Agreed. I graduated in 1997, and I think back then it was still possible to find work that made any degree from any reasonable school worth it. Liberal arts students have always had problems, but at least there were some teaching jobs available and companies were willing to take a chance on someone who wasn't a perfect fit. For example, I got a chemistry degree and used my part time tech support job to land my first "real" IT job. These days, you really have to think about it. Graduating in a field where you can find work is almost always a guaranteed win over not going, or worse not finishing. But, going to a private school and running up massive debts you can't pay back to get a degree that isn't marketable is an even worse decision than it once was, given the vast sums of money involved.
Just like the tech boom we're seeing now, I think the "everyone needs to be in college" boom will calm down somewhat. Tuition can't go up forever, and if people aren't getting an ROI they won't pay for it anymore. Being a state school grad, I've always wondered whether the Ivy League connections network you buy for your $50K+ per year is actually worth it. I know that's where all the investment bankers, big law firm partners and management consultants come from, but are you guaranteed success with a Harvard, Yale or whatever diploma?
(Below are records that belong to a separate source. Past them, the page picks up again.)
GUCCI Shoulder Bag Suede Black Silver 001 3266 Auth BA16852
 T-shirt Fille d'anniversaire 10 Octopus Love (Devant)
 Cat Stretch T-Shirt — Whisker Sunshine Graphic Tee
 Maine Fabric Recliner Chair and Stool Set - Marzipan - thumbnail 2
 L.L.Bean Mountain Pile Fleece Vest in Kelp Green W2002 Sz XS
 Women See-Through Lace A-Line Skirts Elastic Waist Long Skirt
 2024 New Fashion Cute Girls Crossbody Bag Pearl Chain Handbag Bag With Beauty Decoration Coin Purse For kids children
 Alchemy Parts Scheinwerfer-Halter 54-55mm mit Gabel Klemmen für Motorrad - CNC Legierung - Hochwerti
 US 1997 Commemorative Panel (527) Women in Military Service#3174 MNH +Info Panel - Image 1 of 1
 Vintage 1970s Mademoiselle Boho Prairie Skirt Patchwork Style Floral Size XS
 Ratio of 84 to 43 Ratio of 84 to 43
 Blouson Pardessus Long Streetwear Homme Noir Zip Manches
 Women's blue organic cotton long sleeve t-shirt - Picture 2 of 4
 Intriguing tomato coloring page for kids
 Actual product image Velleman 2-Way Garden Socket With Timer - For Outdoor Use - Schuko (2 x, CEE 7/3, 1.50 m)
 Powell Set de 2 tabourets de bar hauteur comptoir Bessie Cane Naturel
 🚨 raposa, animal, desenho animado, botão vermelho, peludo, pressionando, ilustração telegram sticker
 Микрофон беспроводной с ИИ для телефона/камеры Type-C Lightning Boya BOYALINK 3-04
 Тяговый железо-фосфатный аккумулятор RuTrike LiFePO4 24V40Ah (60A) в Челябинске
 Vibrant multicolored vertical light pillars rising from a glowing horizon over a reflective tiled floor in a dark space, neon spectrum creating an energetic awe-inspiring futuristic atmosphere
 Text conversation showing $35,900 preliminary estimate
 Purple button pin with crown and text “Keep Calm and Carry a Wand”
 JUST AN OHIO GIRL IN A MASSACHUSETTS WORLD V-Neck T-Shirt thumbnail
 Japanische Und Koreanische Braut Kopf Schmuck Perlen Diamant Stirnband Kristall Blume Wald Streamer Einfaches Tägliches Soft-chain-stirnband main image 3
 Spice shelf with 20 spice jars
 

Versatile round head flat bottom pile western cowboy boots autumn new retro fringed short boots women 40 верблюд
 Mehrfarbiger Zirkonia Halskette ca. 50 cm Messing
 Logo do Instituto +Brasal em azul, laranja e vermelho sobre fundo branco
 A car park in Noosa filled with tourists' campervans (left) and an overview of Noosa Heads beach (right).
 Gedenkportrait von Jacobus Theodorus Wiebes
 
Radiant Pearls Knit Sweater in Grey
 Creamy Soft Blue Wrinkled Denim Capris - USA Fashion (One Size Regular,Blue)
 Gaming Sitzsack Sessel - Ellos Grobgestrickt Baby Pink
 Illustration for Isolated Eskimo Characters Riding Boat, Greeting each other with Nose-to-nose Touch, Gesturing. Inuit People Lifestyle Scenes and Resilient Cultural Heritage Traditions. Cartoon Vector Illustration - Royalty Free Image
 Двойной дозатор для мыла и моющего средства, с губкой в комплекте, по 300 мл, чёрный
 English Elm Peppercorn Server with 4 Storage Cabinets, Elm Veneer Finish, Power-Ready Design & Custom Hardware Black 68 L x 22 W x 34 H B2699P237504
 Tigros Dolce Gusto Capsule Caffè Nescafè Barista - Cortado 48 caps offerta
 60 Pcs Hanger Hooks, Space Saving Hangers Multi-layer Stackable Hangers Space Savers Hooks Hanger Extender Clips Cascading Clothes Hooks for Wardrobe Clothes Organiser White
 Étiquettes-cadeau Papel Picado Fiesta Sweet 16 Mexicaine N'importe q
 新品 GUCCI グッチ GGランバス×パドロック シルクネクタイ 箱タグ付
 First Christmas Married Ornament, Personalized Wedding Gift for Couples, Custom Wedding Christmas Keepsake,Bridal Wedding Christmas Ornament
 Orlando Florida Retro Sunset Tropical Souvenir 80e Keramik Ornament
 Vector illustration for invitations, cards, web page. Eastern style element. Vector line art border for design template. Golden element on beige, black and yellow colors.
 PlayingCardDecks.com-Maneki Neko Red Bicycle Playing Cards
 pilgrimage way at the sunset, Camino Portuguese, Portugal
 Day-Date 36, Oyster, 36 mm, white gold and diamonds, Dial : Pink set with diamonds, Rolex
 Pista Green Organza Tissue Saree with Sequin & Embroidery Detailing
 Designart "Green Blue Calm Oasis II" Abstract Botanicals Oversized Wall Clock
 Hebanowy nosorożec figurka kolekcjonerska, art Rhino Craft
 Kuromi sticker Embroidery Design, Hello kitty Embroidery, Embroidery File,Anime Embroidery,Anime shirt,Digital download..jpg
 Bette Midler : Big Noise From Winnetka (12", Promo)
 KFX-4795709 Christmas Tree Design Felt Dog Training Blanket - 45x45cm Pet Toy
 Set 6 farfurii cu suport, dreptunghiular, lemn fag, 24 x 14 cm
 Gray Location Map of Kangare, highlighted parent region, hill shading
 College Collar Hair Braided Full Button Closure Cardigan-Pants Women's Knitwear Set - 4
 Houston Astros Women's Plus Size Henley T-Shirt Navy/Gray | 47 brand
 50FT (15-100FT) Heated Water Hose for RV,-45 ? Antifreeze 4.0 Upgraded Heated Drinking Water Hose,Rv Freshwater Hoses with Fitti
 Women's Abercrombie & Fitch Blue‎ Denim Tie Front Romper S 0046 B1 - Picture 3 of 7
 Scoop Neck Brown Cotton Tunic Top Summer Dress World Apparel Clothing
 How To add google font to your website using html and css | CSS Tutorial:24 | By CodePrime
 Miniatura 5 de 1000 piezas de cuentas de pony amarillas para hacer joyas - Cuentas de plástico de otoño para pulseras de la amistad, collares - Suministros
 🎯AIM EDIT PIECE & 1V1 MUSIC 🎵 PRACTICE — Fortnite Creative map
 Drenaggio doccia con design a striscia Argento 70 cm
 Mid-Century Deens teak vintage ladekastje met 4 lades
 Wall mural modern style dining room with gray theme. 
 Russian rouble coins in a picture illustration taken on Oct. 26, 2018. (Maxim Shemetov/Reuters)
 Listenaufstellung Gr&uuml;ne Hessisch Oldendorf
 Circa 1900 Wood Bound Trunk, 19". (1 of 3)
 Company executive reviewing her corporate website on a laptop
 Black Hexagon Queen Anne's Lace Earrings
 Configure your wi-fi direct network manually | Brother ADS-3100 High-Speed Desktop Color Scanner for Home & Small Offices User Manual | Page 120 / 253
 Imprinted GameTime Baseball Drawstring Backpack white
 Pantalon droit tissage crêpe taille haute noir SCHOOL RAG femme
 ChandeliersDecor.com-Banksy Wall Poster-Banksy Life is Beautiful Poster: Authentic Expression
I don't think that's the case.
An even more extreme example is law school. The Bar Association basically gutted entry level law jobs, allowed offshoring, etc. all while opening new law schools and encouraging people to practice. Now, the only way to make any serious money as a lawyer is to work for a big law firm, and those firms only hire the top 10% of the class from the top 14 law schools in the country. So not only do you need to go to the best schools -- you need to be better than all your peers. Otherwise, you waste $250K+ and three years of your life...literally flushing it down the toilet, no recovery possible, etc. That's the worst ROI in education ever.
Believe it or not, trades are a good idea. They're not outsourceable, and if you live in a state with reasonably strong unions, commercial construction will provide a very stable living. Plus, apprentices get paid while learning. There's going to be a ton of steamfitters, carpenters, welders, etc. retiring, so anyone who isn't cut out for higher education should get in on it. You'll get a stable living...no six figure salaries without massive overtime, but no feast or famine either.